Here are some performance comparisons for your original code, mkrieger1's, my contribution, and iohans's Pandas solution, because: Don't use Pandas to iterate rows.

To benchmark these:

  1. I generated three sample input CSV files, each looks something like this:

    1,5
    8,1
    8,7
    5,10
    9,2
    4,3
    7,6
    10,7
    ...,...
    

    Both columns are random ints from 1 to 10. The three sample CSVs grow in the size of their rows:

    CSV          Row count
    ----   ---------------
    10e5      100_000 rows
    10e6    1_000_000 rows
    10e7   10_000_000 rows
    
  2. I took your code, mkrieger1's, and mine:

    Version   Description                                   
    -------   ----------------------------------------------
    ver1      OP's version, baseline                        
    ver2      mkrieger1's version, with dict of output files
    ver3      my version, use csv module, read incrementally
    ver4      iohans's Pandas solution                      
    

Here are the results:

Version Size Real (s) User (s) Sys (s) Mem (MB)
ver1
10e5 4.04 0.44 1.83 12.19
10e6 23.97 4.29 17.79 81.49
10e7 214.74 43.54 167.35 702.08
ver2
10e5 0.03 0.02 0.0 12.19
10e6 0.2 0.18 0.01 81.91
10e7 1.82 1.7 0.11 702.91
ver3
10e5 0.03 0.03 0.0 7.47
10e6 0.23 0.22 0.0 7.77
10e7 2.3 2.27 0.03 8.56
ver4
10e5 12.5 11.05 3.28 54.85
10e6 121.89 99.2 24.54 80.81
10e7 1020+ N/A N/A N/A
  • yours (ver1) spends a lot of time making system calls (presumably to re-open the output files); I also suspect that some (enough?) time is taken to seek to the end of each file so that "append" works

  • mkrieger1's (ver2) offers the biggest performance improvement in time. By only opening the output files once, that version spends a lot less time in sys calls. Curious, though, that the sys calls are scaling up.

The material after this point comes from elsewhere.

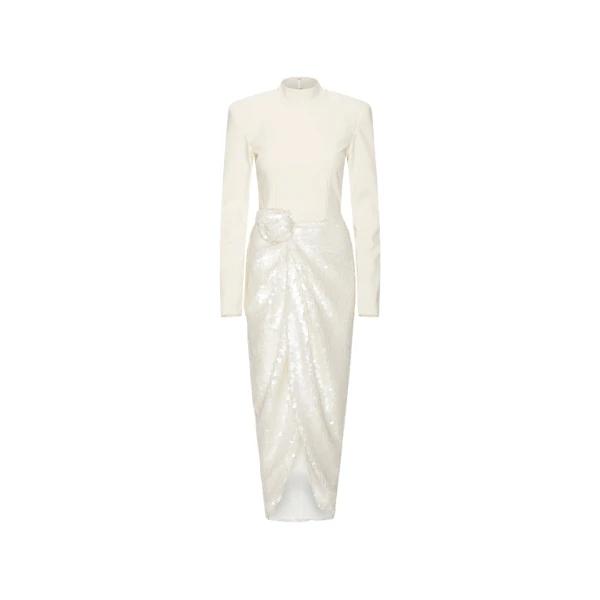 Rotate Birger Christensen Knotted Midi Dress White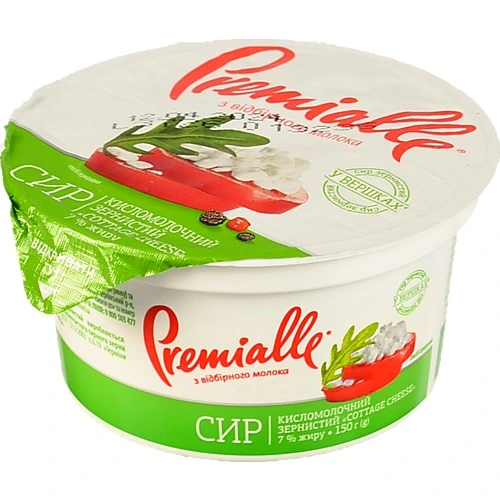 Сир кисломолочний 7% зернистий Premialle 150г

  • mine (ver3) offers the biggest improvement in memory; if you have limited memory, I suspect the previous versions will also impose a time penalty as over-pressured memory is paged to disk.

    How do we get next-to-zero memory usage?

    As some comments have suggested, by incrementally reading the input and deciding what to do for each row as it's read:

    import csv
    
    def get_fname(num: str) -> str:
        return f"output_{num:>02}.csv"
    
    out_files = []  # keep track of opened files, to close at end
    writers = {}  # csv writers for individually numbered output files
    
    with open(input_csv, newline="") as f_in:
        reader = csv.reader(f_in)
    
        for row in reader:
            num = row[0]
            if num not in writers:
                f = open(get_fname(num), "w", newline="")
                out_files.append(f)
                writers[num] = csv.writer(f, lineterminator="\n")
    
            writers[num].writerow(row)
    
    for f in out_files:
        f.close()
    

    I'm also using the csv module because it can correctly handle the CSV format. If you know 100% that your CSV file does not have embedded newlines, like:

    Co1,Col2,Col3
    16,"A column, with 
    a newline",98.6
    

    then you could get away with just reading/writing line-by-line and splitting on the first comma you see. But, even if you knew that, there's not much of a time penalty for just using the csv module anyways.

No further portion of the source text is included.